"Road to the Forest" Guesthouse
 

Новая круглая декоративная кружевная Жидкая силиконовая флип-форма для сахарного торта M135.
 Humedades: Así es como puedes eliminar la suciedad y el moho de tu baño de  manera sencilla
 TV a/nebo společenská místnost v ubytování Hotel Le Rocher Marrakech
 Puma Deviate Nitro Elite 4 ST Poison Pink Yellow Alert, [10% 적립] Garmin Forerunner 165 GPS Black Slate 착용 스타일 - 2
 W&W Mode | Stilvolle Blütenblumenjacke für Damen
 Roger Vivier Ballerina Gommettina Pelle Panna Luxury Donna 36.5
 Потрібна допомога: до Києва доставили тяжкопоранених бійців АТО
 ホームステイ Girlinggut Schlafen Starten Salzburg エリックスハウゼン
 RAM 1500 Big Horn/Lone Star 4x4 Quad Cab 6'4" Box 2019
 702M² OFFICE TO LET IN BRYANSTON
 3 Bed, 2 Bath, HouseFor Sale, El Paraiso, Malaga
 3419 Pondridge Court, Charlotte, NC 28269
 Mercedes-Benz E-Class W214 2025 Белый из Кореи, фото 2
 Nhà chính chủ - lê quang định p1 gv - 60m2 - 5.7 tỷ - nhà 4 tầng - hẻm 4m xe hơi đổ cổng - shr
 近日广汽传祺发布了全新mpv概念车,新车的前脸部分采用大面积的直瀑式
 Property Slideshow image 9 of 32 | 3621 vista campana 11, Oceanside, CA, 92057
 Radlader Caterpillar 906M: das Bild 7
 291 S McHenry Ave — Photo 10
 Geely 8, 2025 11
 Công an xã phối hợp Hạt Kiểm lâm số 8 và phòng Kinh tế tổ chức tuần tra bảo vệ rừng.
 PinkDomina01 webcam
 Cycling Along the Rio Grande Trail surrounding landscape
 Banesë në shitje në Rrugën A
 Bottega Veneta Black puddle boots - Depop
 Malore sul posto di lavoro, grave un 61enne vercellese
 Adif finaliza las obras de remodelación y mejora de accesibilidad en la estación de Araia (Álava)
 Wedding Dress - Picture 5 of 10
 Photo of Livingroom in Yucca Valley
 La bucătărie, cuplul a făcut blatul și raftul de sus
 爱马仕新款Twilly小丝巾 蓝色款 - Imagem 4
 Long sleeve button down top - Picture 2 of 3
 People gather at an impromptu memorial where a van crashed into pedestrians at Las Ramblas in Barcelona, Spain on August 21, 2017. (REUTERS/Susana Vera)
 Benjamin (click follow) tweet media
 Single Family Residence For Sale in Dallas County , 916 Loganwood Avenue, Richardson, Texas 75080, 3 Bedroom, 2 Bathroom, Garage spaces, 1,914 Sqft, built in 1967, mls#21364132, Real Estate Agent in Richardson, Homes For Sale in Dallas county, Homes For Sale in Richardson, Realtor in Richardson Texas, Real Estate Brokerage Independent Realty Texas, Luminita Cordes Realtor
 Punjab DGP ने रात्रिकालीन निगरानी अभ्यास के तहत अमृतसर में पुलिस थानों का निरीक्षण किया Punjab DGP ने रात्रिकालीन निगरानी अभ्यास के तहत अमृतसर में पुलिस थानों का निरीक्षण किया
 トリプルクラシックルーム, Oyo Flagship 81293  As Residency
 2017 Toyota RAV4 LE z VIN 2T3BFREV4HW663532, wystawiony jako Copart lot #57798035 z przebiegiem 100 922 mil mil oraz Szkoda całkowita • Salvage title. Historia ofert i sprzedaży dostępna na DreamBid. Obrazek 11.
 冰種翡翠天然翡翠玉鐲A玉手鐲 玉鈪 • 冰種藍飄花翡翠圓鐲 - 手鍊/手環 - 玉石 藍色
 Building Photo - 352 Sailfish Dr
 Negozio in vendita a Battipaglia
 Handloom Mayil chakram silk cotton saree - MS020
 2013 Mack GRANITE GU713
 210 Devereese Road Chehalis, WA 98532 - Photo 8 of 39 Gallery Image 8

══════════

What you are asked to do | Scan the material for lines with the word "Photo". Reply with how many there are, number only.

Answer area | 4